Para o cientista político e diretor-adjunto do Instituto Democracia e Sustentabilidade (IDS), Marcos Woortmann, a alteração não resolve o principal problema da PEC. “Hoje em dia, em diversos países, a faixa de areia ser domínio público não garante o acesso, porque para ser pública você tem que poder acessá-la. Não existe uma regulação clara e o princípio do texto é de privatização”, disse.

O texto da PEC em si não cita efetivamente as praias ou sua privatização. Trata somente dos chamados terrenos de Marinha, que são terrenos de propriedade da União e áreas à beira-mar que ficam a 33 metros do ponto mais alto em que chega a maré ao longo da costa e das margens de rios e lagos que sofrem a influência das marés. Porém, a discussão que se criou foi que, com a venda desses terrenos, quem os comprasse poderia impedir a entrada do público à praia ao isolar esses locais somente para clientes.

Um exemplo sobre o assunto, segundo o especialista, é a Praia dos Carneiros em Pernambuco, “Lá, vemos o acesso público, as passagens de servidão, interrompidas com entulho, com sinalizações de obra, reparos, podas mal feitas.

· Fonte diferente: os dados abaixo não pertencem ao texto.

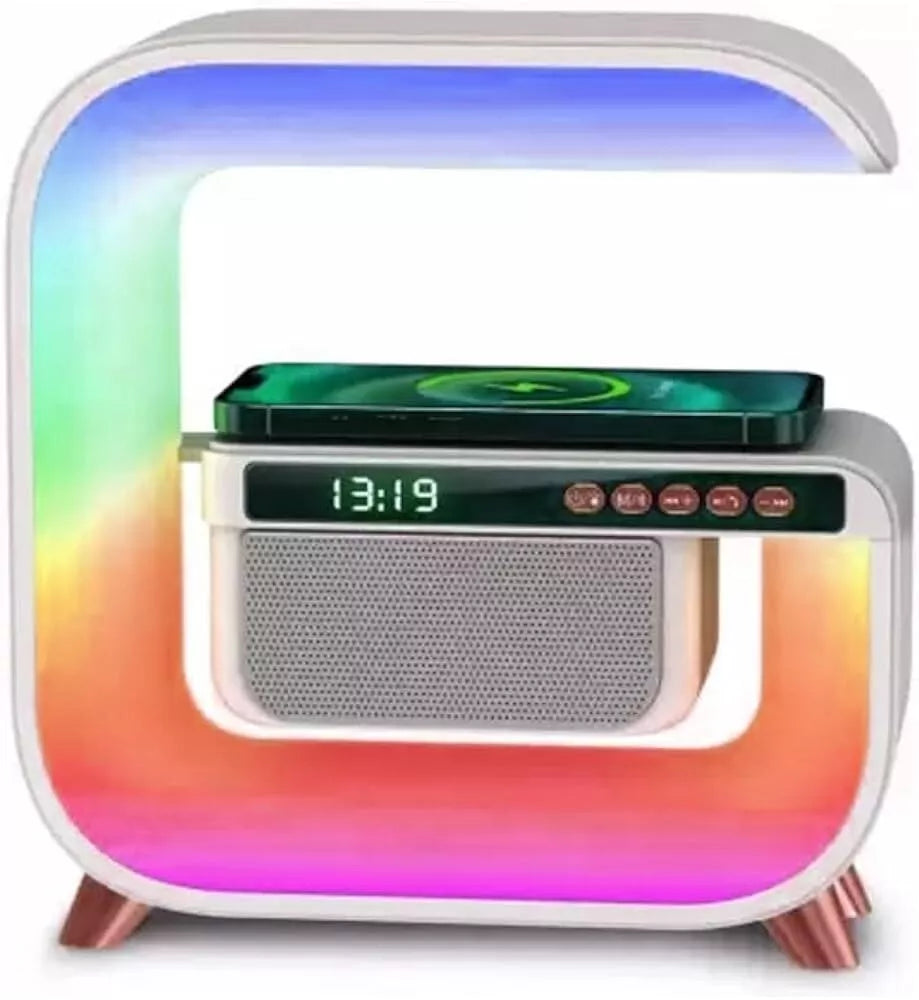 NEW! G3 5 In 1 Wireless Charger Bluetooth Speaker Clock RGB LED Atmosphere Light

Ou seja, é uma precarização constante e progressiva que já se encontra hoje em curso, mesmo fora da lei. O que essa PEC quer é oficializar todo um processo de exclusão da população que, na prática, já existe em alguns lugares do Brasil”, explica.

Para o geógrafo e professor da Universidade de São Paulo (USP) Wagner Ribeiro, a PEC afronta o artigo 225 da Constituição Federal que assegura a todos o direito ao meio ambiente ecologicamente equilibrado, bem de uso comum do povo e essencial à sadia qualidade de vida, impondo-se ao Poder Público e à coletividade o dever de defendê-lo e preservá-lo para as presentes e futuras gerações.

“Mesmo com o trecho alterado pelo relator, o problema continua, pois mantém o acesso à faixa de areia em domínio privado. Desse modo, o proprietário poderia controlar quem acessa ou não a faixa de areia. Além disso, essa medida isolada não garante a manutenção dos serviços ecossistêmicos oferecidos pelas praias”, disse.